_PROBLEM DETAILS_.
Counting the line with "Portrait photo of Florian Banasiak" as the last one, copy out the lines of the data exactly from the first onward.

Web page caption snippets
■ ■ ■ ■ ■
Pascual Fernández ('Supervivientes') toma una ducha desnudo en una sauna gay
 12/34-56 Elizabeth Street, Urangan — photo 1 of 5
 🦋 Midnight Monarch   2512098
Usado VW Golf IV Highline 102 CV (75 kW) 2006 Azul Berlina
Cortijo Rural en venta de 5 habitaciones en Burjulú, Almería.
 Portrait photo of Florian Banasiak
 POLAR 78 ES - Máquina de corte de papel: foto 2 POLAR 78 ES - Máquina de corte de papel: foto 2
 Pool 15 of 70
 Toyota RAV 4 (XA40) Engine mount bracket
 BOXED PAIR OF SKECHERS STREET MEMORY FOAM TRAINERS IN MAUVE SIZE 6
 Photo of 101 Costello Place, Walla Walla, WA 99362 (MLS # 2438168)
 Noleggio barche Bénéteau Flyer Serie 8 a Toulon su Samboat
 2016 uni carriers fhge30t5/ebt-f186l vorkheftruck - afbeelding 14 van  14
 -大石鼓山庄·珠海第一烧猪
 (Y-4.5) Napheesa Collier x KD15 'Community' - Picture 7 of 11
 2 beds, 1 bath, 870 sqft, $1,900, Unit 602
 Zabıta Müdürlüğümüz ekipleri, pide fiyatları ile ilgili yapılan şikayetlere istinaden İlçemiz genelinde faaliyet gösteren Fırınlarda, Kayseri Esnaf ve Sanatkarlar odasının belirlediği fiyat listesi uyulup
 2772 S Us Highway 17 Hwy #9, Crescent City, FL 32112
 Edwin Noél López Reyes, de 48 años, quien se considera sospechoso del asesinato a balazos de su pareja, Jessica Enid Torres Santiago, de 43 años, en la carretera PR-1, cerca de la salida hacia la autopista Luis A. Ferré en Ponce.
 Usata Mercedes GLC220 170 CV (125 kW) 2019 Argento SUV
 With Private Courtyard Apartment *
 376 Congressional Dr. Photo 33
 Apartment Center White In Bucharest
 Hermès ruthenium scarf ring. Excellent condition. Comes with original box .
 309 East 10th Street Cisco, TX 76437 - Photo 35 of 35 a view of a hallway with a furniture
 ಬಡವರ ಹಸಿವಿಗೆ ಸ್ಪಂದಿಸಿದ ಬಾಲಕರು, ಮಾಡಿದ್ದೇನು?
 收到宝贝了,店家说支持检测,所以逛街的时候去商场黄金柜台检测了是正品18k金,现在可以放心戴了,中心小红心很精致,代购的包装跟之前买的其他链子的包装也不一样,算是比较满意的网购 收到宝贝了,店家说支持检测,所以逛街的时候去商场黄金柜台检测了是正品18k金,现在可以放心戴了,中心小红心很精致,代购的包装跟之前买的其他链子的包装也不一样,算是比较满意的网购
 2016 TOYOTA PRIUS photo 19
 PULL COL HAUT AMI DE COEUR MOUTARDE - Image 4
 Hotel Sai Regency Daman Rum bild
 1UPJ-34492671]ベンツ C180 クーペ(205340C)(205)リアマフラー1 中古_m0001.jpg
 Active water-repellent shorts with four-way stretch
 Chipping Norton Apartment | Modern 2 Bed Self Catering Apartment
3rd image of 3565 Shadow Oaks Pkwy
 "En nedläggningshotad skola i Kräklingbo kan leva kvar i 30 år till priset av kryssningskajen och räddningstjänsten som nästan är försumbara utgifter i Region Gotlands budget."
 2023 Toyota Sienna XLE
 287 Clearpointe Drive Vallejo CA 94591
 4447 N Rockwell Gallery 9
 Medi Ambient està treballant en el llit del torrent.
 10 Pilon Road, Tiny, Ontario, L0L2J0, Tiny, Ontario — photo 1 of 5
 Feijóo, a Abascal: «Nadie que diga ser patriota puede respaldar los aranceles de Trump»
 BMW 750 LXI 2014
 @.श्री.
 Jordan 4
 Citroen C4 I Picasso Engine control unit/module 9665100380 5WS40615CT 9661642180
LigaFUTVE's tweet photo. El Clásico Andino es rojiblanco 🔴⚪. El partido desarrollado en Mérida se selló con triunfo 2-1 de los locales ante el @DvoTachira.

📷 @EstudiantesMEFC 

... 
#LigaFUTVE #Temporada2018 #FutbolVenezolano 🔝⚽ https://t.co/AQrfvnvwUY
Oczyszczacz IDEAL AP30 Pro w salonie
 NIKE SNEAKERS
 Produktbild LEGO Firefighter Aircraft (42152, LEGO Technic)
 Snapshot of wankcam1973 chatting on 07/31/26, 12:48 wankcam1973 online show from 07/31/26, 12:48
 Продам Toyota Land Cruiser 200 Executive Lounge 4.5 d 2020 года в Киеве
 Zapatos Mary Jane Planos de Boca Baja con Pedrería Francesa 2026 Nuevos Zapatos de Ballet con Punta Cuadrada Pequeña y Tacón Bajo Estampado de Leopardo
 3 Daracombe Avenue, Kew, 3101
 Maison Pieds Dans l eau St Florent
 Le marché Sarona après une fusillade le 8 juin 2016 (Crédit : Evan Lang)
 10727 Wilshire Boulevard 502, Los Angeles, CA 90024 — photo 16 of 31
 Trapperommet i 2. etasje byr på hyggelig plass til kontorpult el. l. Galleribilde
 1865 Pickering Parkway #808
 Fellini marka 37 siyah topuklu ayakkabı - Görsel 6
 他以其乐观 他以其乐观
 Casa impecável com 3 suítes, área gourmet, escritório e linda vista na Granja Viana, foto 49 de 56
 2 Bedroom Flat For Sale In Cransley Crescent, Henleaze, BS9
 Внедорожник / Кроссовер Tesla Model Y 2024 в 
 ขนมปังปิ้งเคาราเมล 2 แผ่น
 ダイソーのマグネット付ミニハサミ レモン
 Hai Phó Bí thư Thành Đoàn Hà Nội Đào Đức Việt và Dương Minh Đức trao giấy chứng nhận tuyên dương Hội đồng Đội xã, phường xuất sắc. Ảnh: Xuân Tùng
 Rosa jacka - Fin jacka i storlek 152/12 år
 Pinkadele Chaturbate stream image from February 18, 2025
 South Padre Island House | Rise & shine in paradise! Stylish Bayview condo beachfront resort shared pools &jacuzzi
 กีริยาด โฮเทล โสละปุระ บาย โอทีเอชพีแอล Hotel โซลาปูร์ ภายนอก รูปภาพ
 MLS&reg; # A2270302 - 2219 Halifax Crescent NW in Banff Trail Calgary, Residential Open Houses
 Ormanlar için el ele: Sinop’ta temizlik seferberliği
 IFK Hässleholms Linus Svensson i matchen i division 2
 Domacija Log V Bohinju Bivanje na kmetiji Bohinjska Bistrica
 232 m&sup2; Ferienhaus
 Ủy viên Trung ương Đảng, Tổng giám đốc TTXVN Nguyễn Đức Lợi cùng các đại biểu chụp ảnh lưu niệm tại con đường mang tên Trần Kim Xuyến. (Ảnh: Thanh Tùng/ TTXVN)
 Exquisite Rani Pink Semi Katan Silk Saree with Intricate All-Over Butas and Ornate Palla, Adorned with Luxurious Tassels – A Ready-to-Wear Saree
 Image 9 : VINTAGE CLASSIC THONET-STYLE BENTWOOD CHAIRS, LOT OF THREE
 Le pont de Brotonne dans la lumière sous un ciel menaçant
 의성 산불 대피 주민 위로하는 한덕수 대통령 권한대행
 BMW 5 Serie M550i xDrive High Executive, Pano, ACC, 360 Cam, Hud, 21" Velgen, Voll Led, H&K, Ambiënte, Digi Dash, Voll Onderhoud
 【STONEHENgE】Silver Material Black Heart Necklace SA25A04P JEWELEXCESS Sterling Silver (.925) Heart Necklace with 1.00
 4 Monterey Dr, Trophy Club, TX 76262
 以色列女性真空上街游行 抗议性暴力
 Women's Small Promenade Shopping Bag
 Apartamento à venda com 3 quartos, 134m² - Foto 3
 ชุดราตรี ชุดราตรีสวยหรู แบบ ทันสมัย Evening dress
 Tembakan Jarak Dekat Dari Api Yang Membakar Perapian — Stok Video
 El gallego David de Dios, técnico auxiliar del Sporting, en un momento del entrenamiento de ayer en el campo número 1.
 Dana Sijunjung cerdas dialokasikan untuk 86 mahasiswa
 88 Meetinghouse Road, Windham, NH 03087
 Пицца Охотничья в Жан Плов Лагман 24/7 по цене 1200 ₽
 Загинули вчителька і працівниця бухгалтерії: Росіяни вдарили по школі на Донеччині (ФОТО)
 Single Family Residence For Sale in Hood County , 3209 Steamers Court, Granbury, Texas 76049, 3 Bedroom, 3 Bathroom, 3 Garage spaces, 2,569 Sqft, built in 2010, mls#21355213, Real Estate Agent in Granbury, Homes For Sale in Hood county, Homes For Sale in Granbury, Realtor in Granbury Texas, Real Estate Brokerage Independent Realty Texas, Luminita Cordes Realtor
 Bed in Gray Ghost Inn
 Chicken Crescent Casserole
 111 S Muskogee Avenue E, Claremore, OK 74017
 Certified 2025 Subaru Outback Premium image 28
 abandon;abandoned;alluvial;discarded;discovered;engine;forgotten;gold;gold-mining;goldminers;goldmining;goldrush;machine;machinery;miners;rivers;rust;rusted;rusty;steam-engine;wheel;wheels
■ ■ ■ ■ ■
_WRITTEN ANSWER_.
Pascual Fernández ('Supervivientes') toma una ducha desnudo en una sauna gay
 12/34-56 Elizabeth Street, Urangan — photo 1 of 5
 🦋 Midnight Monarch   2512098
Usado VW Golf IV Highline 102 CV (75 kW) 2006 Azul Berlina
Cortijo Rural en venta de 5 habitaciones en Burjulú, Almería.
 Portrait photo of Florian Banasiak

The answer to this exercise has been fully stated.